A group-stage Champions Trophy game against Sri Lanka, and a one-off ODI versus Ireland, offer the only non-antipodean variety in this oversized blancmange of cricketing homogeneity. As Aristotle once sagely said: "You can have too much of a good thing." Admittedly, the former professional philosopher said that after waking up naked on top of the Parthenon after a few too many flagons of cheap ouzo and an unsuccessful wrestle with a man in a pantomime lion outfit claiming to be Hercules (Source: The Complete and Incontrovertible Oxford History of Classical Philosophy [1875], by Prof VZ Snutterbuck OBE, Vol. VII, pp. 213-279). However, the famously wise old celeb had a point.

All the indications suggest that, had Aristotle been born in a cricket-playing nation at some point in the mid-to-late 20th century, he would have been a big cricket fan, and quite probably a journalist and/or commentator (Source: From Confucius to Wittgenstein: Dead Philosophers I Would Like To See Me Bowl [2012], by JW Dernbach).

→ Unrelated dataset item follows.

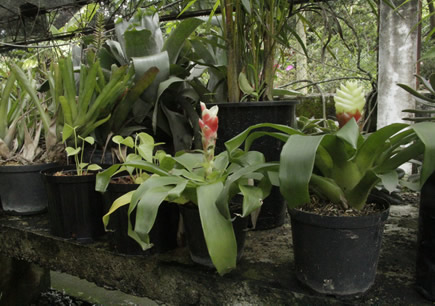 El Laboratorio también reproduce especies arbóreas y plantas ornamentales que se venden en el vivero de la U.N. Sede Medellín.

As such, Aristotle would undoubtedly have sat down on New Year's day and thought: "Emotionally and logistically, I am going to have to prioritise. Even I, as a hardcore fan of the great game and, more importantly, as the senior cricket correspondent of the Harvard Journal of Ethical Philosophy and Bat Sports, I simply cannot care about all of those days of cricket. And whilst I love the Ashes and everything it stands for, its traditions and its ancient rivalry that has carved a compelling narrative through the last 136 years of history, even I might struggle to be overwhelmingly excited by watching the 38th Trott v Siddle duel of the year. Ah well, beats having a proper job.

"Tell you what ‒ I'll set myself a challenge," the ace-class thinkster would continue. "I'll try to write the words 'Phil Hughes edged to third slip' on fewer than 25 occasions this year. It's going to be tough but I'll give it a go. And I'll try to enjoy the ODI series in India whilst I have the chance. Even if it is tagged on as a bit of an afterthought to last year's Test series, and even if England are resting key players because they also have to prioritise what cricket they most care about ‒ because they have somehow scheduled themselves 103 days of cricket against just two countries from the other side of the planet in the next 13 months."

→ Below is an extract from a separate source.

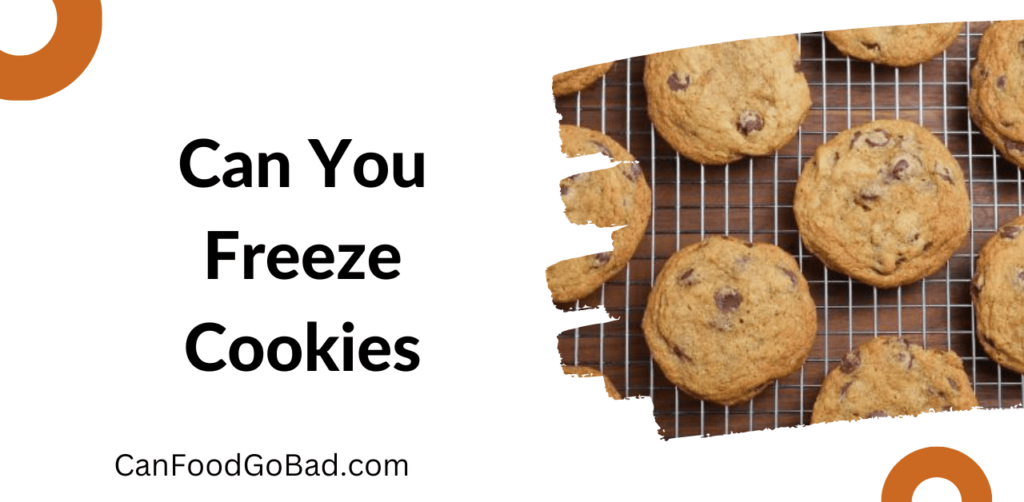 Can You Freeze Cookies? Different Ways To Freeze & Defrost Cookie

Aristotle would conclude: "I am going to make two predictions for this year. Prediction One: if on 31 December 2013 you ask 100 randomly selected cricket fans what the scoreline was in the five-match ODI series between England and Australia in September, a maximum of three will give you the correct answer. Two of them will have guessed it, and the other one will only remember because he landed a 12,000,000-1 accumulator bet because of it (the other three bets in which were: the British media to get overexcited at the birth of the magic royal baby; at least one six to be hit in this year's IPL; and Chris Martin to score a Test hundred at Lord's).

"And Prediction Two: on current form, and with this schedule, effigies of Alastair Cook are going to be the biggest-selling Christmas gift of 2013 in 99% of all Australian shops."

When pressed for a prediction for the India-England series, Aristotle would stroke his outdated beard, say, "Well, that depends on whether India bat as badly as they did against Pakistan ‒which in turn depends in part on whether James Tredwell has borrowed Saeed Ajmal's body ‒ and on whether England play as well as they did when they last played Test cricket in India, and not as well as they did when they last played ODI cricket in India. So, tough call. I'll say 3-2 to India. Now leave me alone, I have to do some philosophy about how human beings should live, and stuff like that."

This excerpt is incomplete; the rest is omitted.